Where a nonimmigrant respondent indicates his desire to remain in this country permanently, by filing for adjustment of status under section 245 of the Immigration and Nationality Act, this action in itself, does not constitute a failure to maintain status under section 241(a)(9) of the Act. However, where the period of respondent's authorized stay expired, and respondent neither applied for nor received an extension of stay, he was deportable under section 241(a)(2) of the Act, as charged in the order to show cause issued after respondent's period of authorized stay had expired. [Matter of Gallares, Interim Decision #2177 (BIA 1972) modified]

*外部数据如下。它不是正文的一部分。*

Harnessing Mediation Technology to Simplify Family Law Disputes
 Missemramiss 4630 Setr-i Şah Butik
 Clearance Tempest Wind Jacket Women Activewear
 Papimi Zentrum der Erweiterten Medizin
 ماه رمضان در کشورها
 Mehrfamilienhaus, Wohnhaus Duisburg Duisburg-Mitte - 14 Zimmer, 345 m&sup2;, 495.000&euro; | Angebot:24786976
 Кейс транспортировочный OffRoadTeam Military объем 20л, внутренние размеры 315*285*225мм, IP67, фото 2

(通過申請AOS, 一個非移民明確的表達了他/她想在美國永遠居留的意願.這個行為本身, 並不能構成不能維護他/她的非移民身份的理由. 但是,如果授權居留的時間已過, 並且他/她沒有申請延期或者他/她沒有得他/她要的延期,那麽他/她就應該被遣返.)

BIA 判決


The alien respondent is a native and a citizen of Iran who entered the United States in May 1970 as a nonimmigrant student. He obtained authorization to remain in the United States until May 25, 1973. In February 1973, the respondent filed an application for adjustment of status under section 245 of the Immigration and Nationality Act. On June 21, 1973, the district director denied that application and informed the respondent that he would be permitted to depart from the United States voluntarily on or before July 21, 1973 without the institution of deportation proceedings. The respondent has not departed.

(這部分比較清楚,不重要,省)


The immigration judge concluded that the respondent was deportable under section 241(a)(9) of the Act for failure to comply with the conditions of his nonimmigrant status because he ted an application for adjustment of status. That conclusion was based on language in Matter of Gallares, 14 I. & N. Dec. 250 (BIA 1972), which indicates that a nonimmigrant who seeks adjustment of status under section 245 of the Act thereby ceases to maintain status as a lawful nonimmigrant. We believe that our language in Gallares concerning the effect of an application for adjustment of status upon the maintenance of valid nonimmigrant status was overly broad.
(初審移民法官認定被告應該被遣返, 理由是申請了485後他的非移民身份就失效了. 這個決定是基於Matter of Gallares 的語言. 我們現在覺得,在那個案子中我們的語言顯然是過頭了).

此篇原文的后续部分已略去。